§ **Provided records**

******

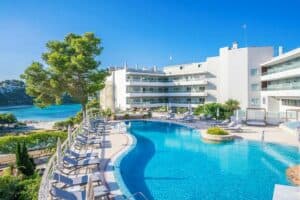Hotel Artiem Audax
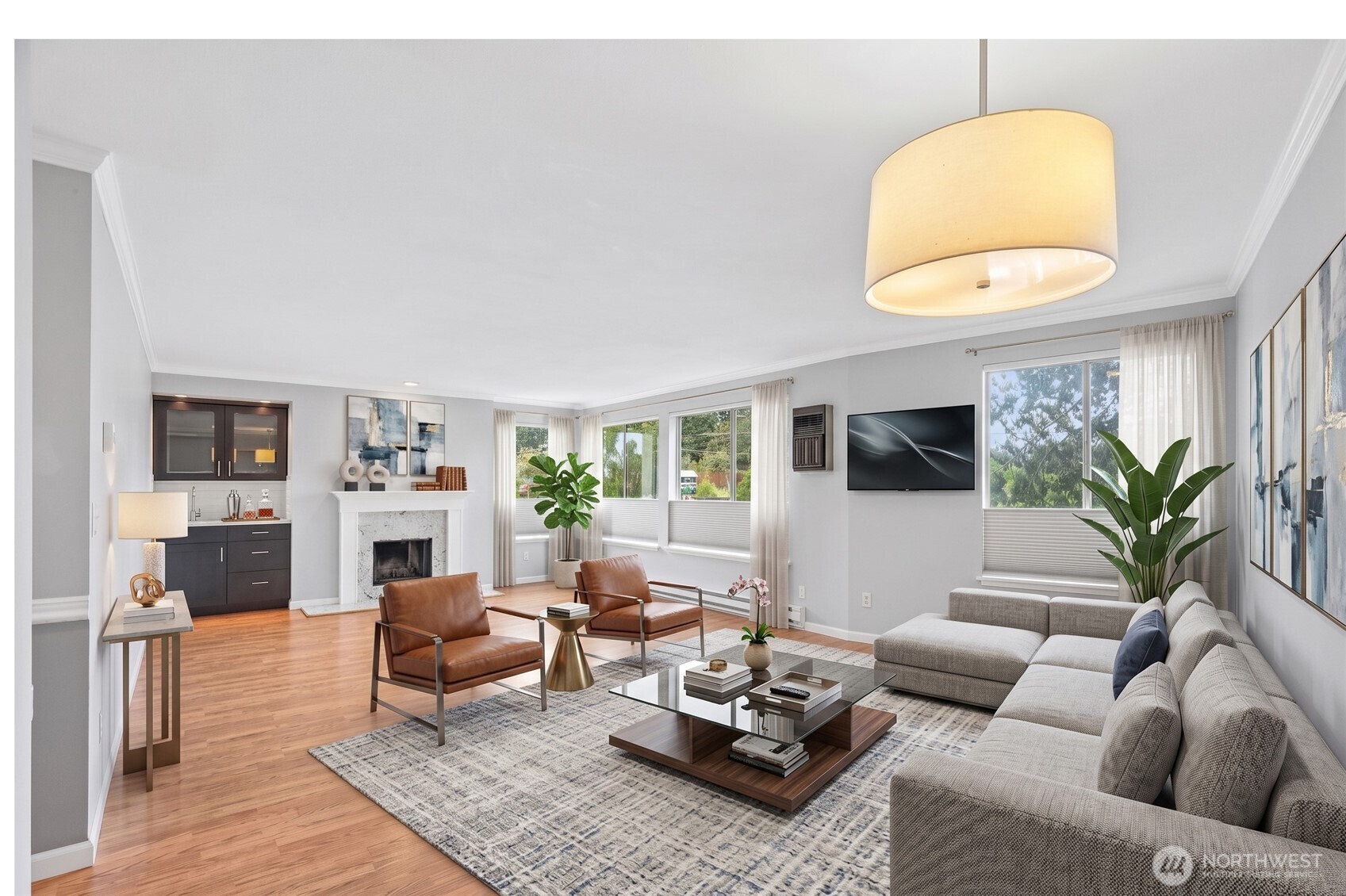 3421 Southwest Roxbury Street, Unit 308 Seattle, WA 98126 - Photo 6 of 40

******

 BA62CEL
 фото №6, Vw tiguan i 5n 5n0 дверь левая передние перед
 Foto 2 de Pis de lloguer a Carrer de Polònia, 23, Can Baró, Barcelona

******

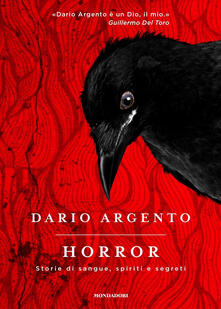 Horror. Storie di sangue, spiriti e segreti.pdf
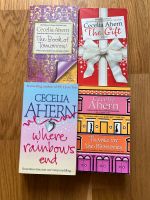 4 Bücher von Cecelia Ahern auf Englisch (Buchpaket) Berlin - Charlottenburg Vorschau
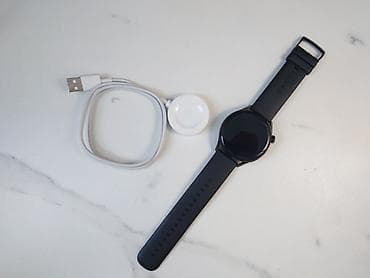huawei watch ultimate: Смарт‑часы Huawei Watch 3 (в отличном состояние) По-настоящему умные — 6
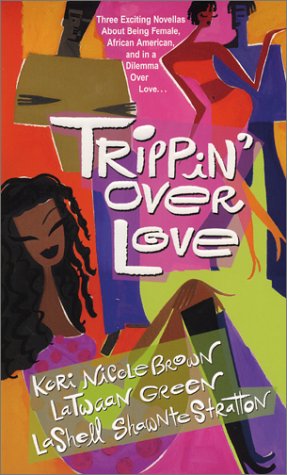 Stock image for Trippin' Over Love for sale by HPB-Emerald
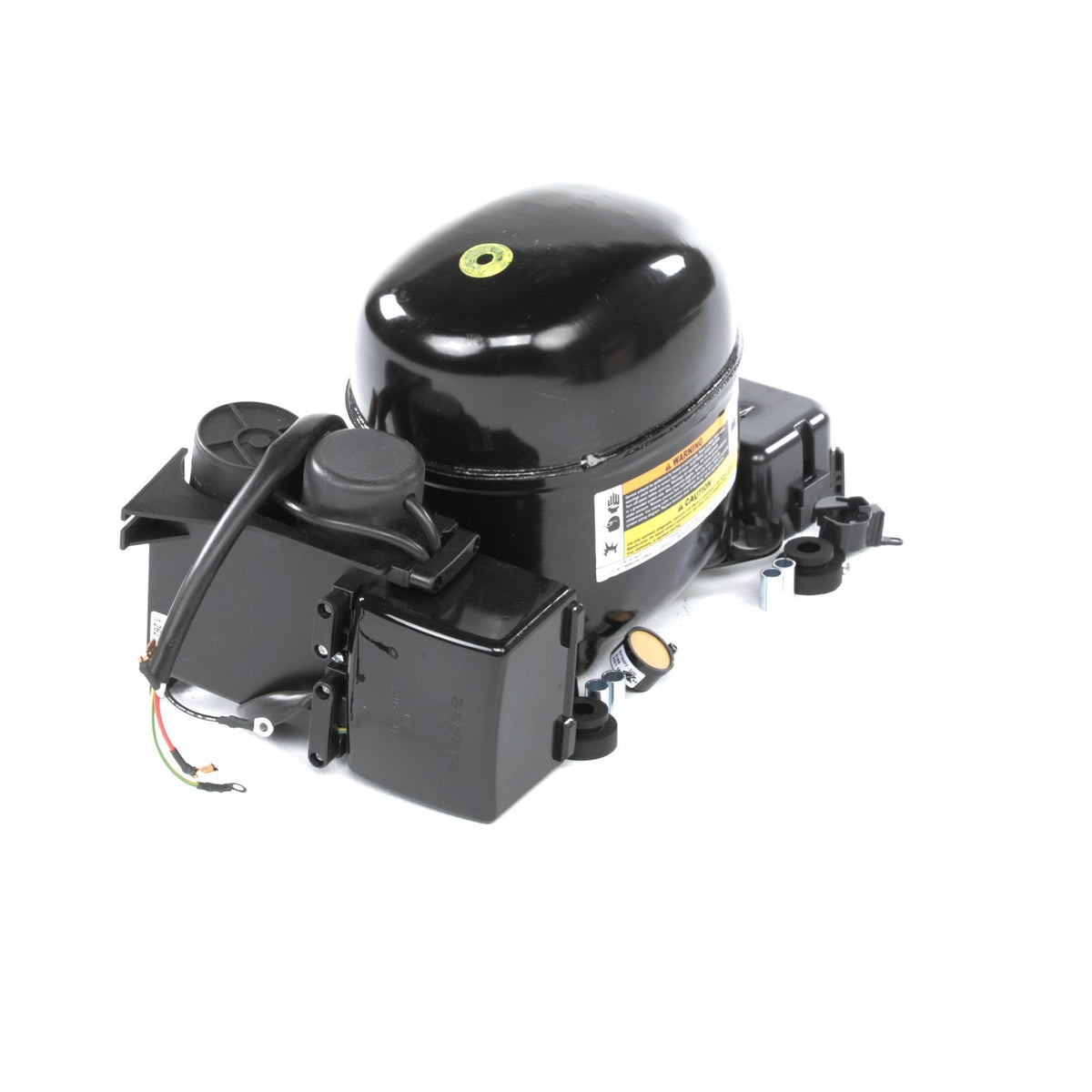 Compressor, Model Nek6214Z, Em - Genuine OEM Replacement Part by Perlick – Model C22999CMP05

******

§ **What is required**
What's needed is an exact copy of the records above from the line containing "Stock image for" down to the line containing "Compressor, Model Nek6214Z, Em", both included, without any pictures.

§ **Response to the task**
 Stock image for Trippin' Over Love for sale by HPB-Emerald
 Compressor, Model Nek6214Z, Em - Genuine OEM Replacement Part by Perlick – Model C22999CMP05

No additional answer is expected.